*Por Malu Ribeiro e Mario Mantovani
O novo
Código Florestal continua alvo de flexibilizações no Congresso Nacional, com parlamentares da base governista trabalhando para alterar a Lei 12.651. Aprovada em 2012, a sua regulamentação ainda não foi totalmente concluída pelos estados. E a sua implementação anda a passos lentos. Portanto, as propostas para alteração da lei ocorrem antes mesmo de sabermos os resultados da sua implementação no campo e nas cidades.
Ao menos quatro projetos de lei pretendem alterar as regras das
APPs (Áreas de Preservação Permanente) urbanas.
Não custa recordar que as APPs são áreas de alta fragilidade ambiental e de grande importância ecológica. Por isto, recebem este nome e precisam estar permanentemente protegidas pela vegetação nativa.

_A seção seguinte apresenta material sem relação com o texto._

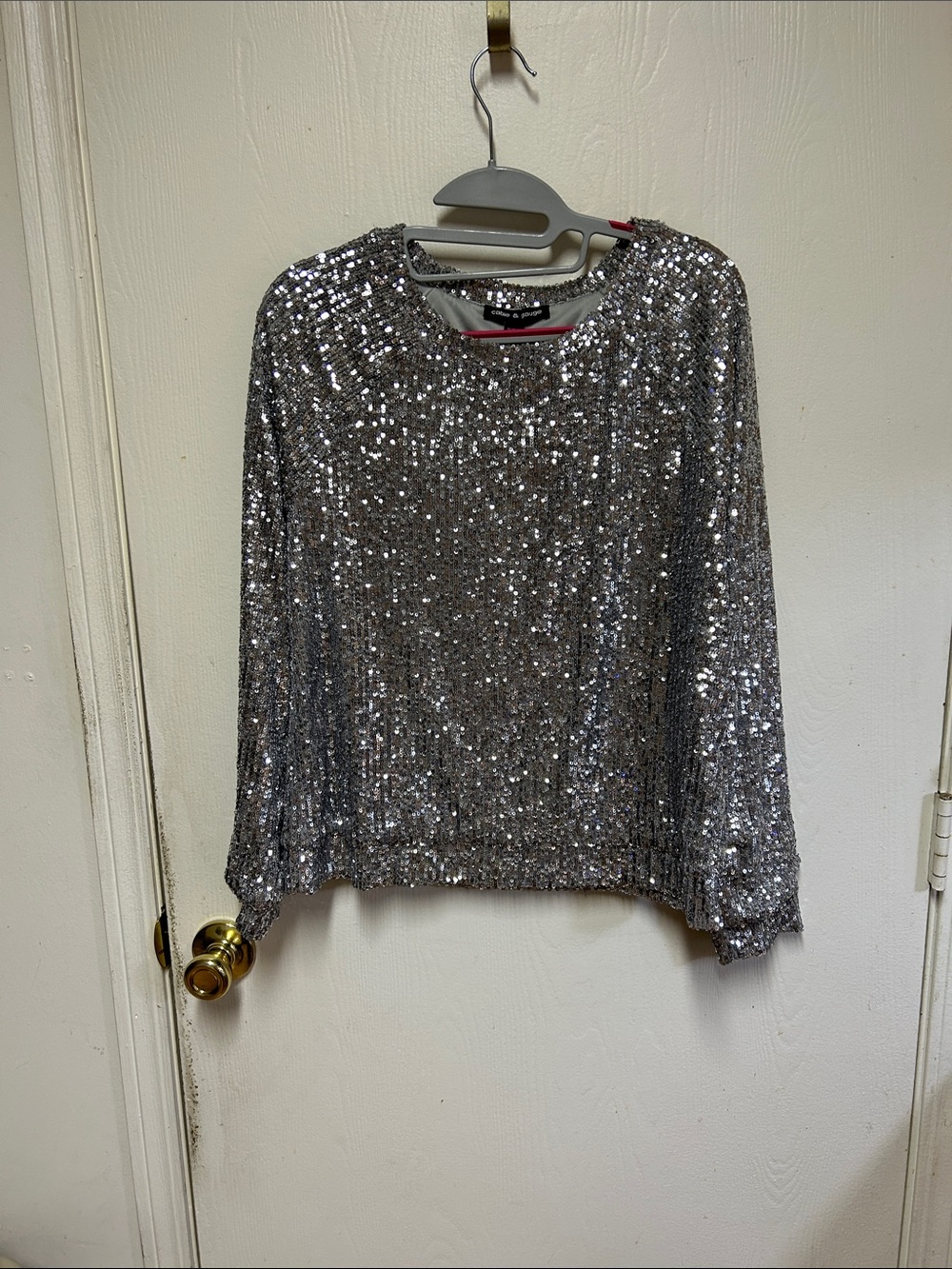 Cable & Gauge Silver Sequin Long Sleeve Crewneck Top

Entornos de nascentes, beiras de rio, várzeas e áreas declivosas são os seus principais exemplos. Elas protegem a água e o solo, além de ter um papel importante para conectar ecossistemas e conservar a biodiversidade. Garantem a oferta de água, evitam a contaminação dos rios e protegem os morros de desmoronamentos. Além disso, todas essas APPs, quando desprotegidas e utilizadas de forma irregular em regiões urbanas, transformam-se em áreas de risco.
Os
projetos de lei (PL) 2800/15, 1709/19, 1709/19 e 4472/19 propõem a diminuição da proteção das APPs urbanas, seja permitindo imóveis nestas áreas, reduzindo a sua faixa de abrangência nas cidades ou transferindo esta decisão para os Planos Diretores das Cidades. Apesar de relatórios contrários a essas mudanças e de notas técnicas levadas às Comissões permanentes da Câmara dos Deputados, seus proponentes insistem na tramitação dos projetos de lei.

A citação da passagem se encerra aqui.